Years later we attended a showing of newly curated Holocaust films, narrated by this same man.  In his introduction, he commented that he had viewed such materials dispassionately through the eyes of a professional archivist, until something happened that changed his life.  As a result, he had become a passionate student of the Holocaust. Our “campaign” took place just months before President Carter began plans of the U.S. Holocaust Memorial Museum.
ARNOLD AND MARY HAMMER
Rockville

Uproar over Roth firing
When, after six more years of his “artful falsehoods,” to borrow from Maureen Dowd, Ari Roth was fired, an uproar ensued (“Why Ari Roth was fired,” WJW, Jan. 1). The latest exhibit of this righteous indignation is a full page ad in the Jan.15 WJW, signed by at least 90 women.

By lending their names to this campaign, they support not freedom of speech and artistic expression but misogyny, hate, and filth. And it is thus their names will be remembered for generations to come. How sad.
BORIS FELDBLYUM
Potomac

Rabbi should be commended
Rabbi Shmuel Herzfeld should be commended for his courage to speak at Washington Mayor Bowser’s interfaith prayer service (“Rabbi’s church appearance stirs scrutiny,” WJW, Jan.8).

On Dec. 4, I completed a long project with (Israel) Prime Minister Netanyahu to rebury the cremains of Col. John Henry Patterson in Avihayil. Col.

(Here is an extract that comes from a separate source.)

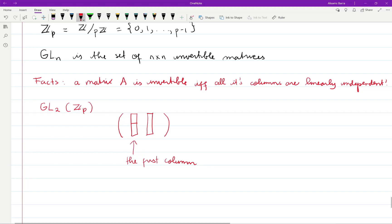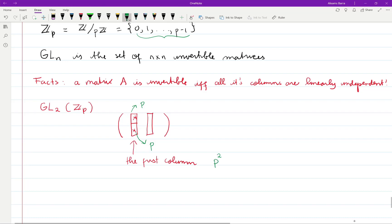In how many ways can we choose the first column? For the first entry we can choose in p ways, and for the second entry we can also choose in p ways, so there are p² ways to choose any first column. But since we cannot take the zero vector, for the first column we are allowed to choose p² − 1 vectors.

Patterson was the Christian godfather of the IDF. He was also the godfather of Jonathan Netanyahu.

The Rabbis in Israel found a way to, halachically and respectfully, bury the colonel with his men of the Jewish Legion, as was his wish. It was a long overdue proper honor and repayment of a debt to a good man who sacrificed everything for the Jewish people.

There are good people who are Christians, and there are bad people who
are Christians — much the same as with Jews.

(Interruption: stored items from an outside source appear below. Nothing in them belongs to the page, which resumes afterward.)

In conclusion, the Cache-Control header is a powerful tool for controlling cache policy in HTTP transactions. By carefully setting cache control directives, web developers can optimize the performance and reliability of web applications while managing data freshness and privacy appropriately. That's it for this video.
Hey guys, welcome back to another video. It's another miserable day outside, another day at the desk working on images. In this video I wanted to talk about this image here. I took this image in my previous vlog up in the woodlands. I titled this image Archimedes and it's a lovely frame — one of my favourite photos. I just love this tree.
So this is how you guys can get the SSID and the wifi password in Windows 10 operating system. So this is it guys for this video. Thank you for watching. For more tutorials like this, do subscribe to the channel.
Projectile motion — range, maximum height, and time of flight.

In the letter from the prime minister to me, thanking me for my part in the project, he quoted Ze’ev Jabotinsky: “Never in Jewish history has there been in our midst a Christian friend of his penetration and devotion.”

Patterson was one of a number of Christians that God placed in unique position to help midwife the birth of the modern State of Israel. As Golda Meir said of the Rev. John Stanley Grauel from the Exodus…“He did what no Jew could do.”

It is proper to recognize good people from different paths who God created in his likeness, just as He did with all of us.
JERRY KLINGER, president
Jewish American Society for Historic Preservation

New kosher restaurant
Thank you for covering the opening of a new kosher restaurant (“Mangiare!” WJW, Jan. 22).
This is one of the reasons I read the WJW.